_Work task_
Transcribe word for word the section of the records below that opens with the line containing "Captain America Shield" and closes with the line containing "Deliver 6 Oct."; drop every picture.

_Data supplied_

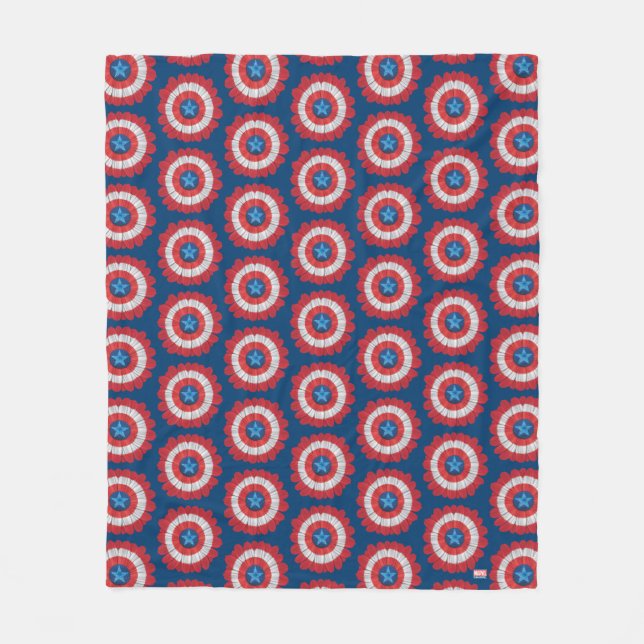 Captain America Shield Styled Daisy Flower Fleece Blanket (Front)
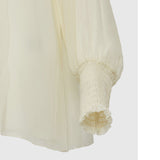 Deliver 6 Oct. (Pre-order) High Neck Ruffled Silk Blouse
==
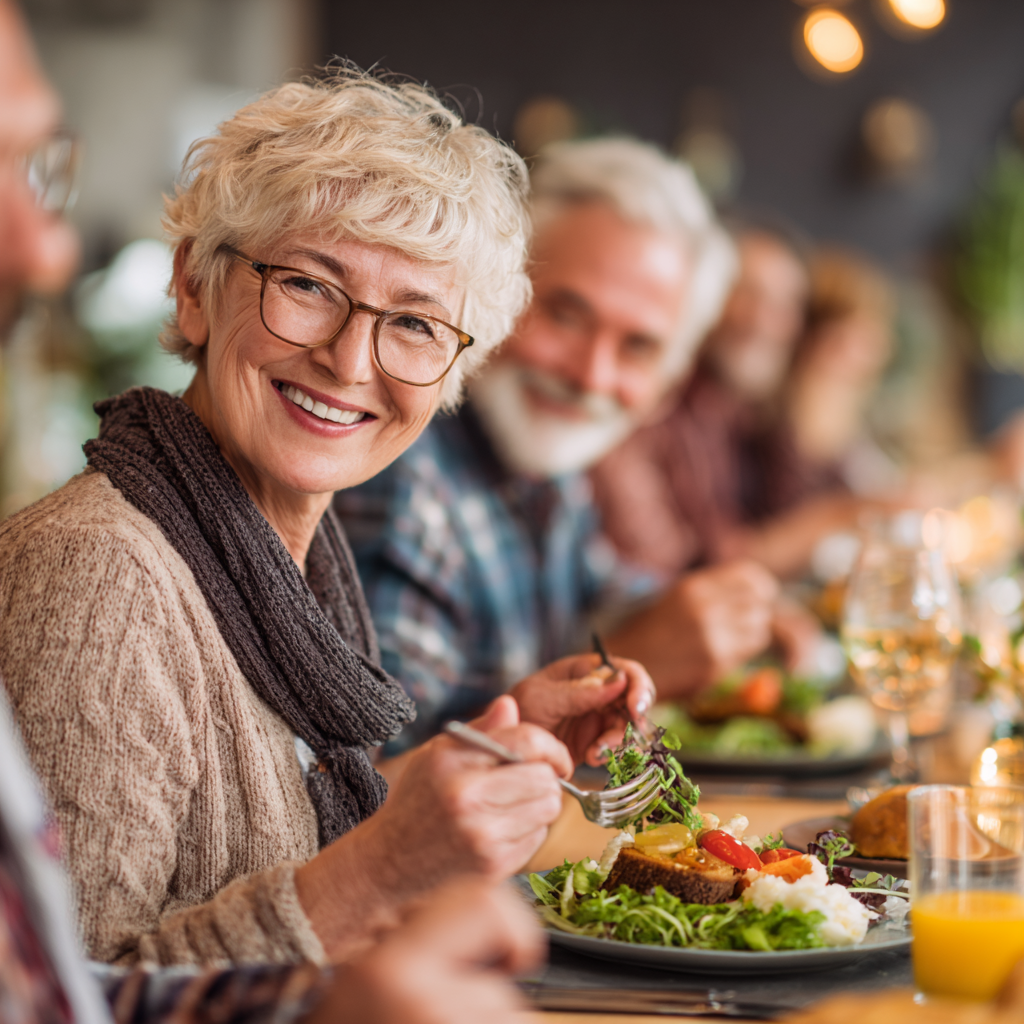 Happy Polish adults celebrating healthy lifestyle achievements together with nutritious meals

_Finished task_
 Captain America Shield Styled Daisy Flower Fleece Blanket (Front)
 Deliver 6 Oct. (Pre-order) High Neck Ruffled Silk Blouse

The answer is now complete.